Oder man will mehr erreichen, als der Körper zulässt - und schadet sich selbst. Da Teilnehmer solcher Sport-Challenges in der Regel allein arbeiten, korrigiert sie niemand, wenn die Übungen falsch ausgeführt werden. "Das ist ein Problem", sagt Graf. Aufhören, wenn es schmerzt, sei deshalb eine wichtige Grundregel. "Außerdem sollte der geforderte Übungsumfang im Zweifel an die individuelle Leistung angepasst werden."
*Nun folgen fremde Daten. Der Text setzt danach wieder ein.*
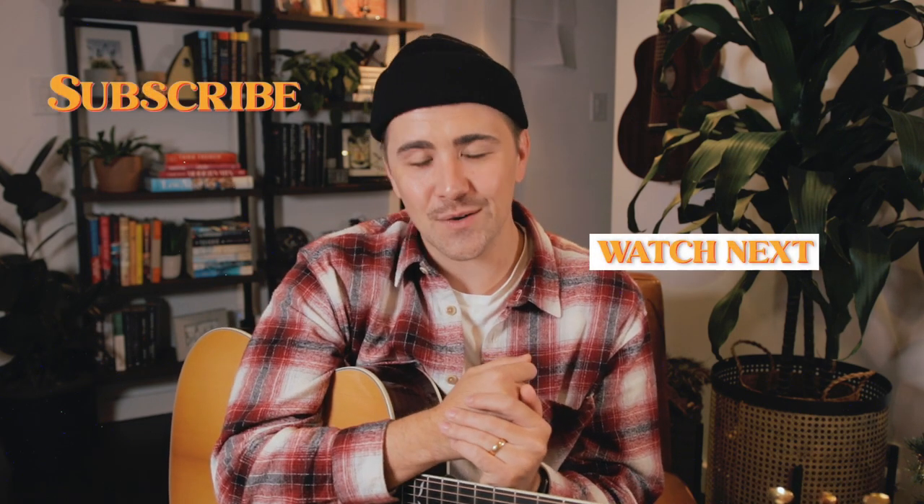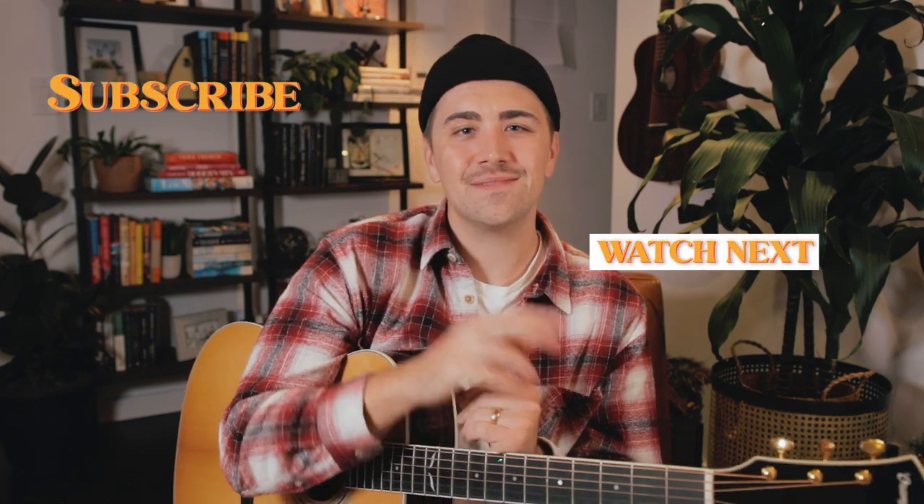For more information on the Topanga collection, please visit the video description below. But that's going to do it for today's video, my friends. Until next time, my name's Patrick. It's been a pleasure getting to hang with you today. I'll catch you real soon, all right? Peace.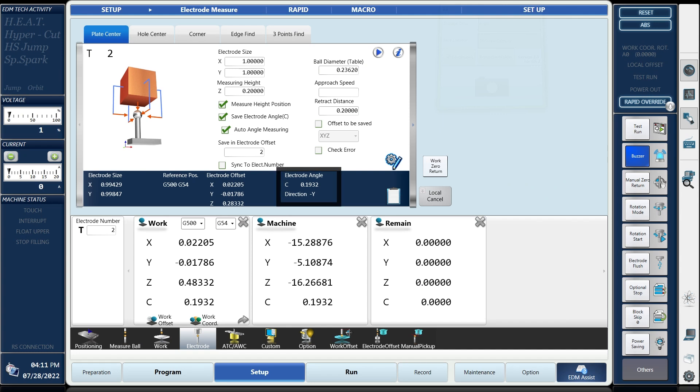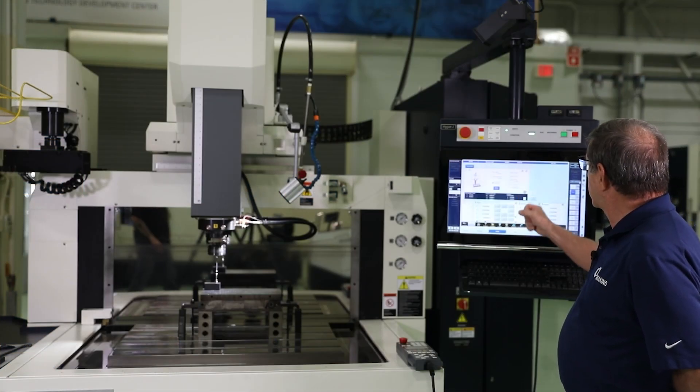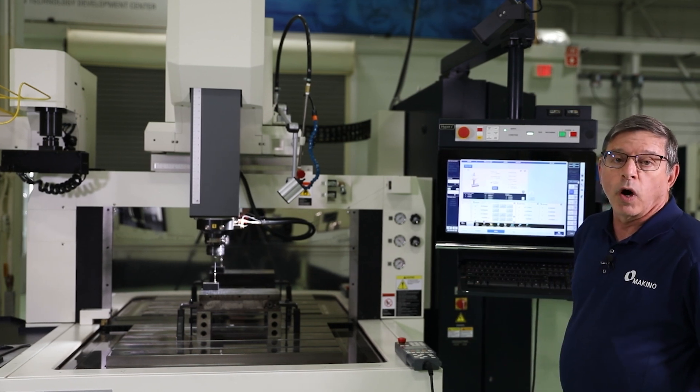Rotation compensation — which is the values for the offset of the spindle probe to the table ball — in this case is 80 millionths in X and 90 millionths in Y.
Diese Korrektur kann nach oben oder unten erfolgen: Wer sportlich ist, der lacht wohl über 20 Sekunden Unterarm-Stütz. Dann kann es eine Herausforderung sein, mit 60 Sekunden zu starten und sich von da an zu steigern. Doch man sollte auch seine Grenzen kennen, sagt Rebsch. "Wer schon nach sieben von 15 vorgesehenen Übungswiederholungen merkt, dass es nicht mehr geht, sollte auf seinen Körper hören - und die Ziele nach unten korrigieren."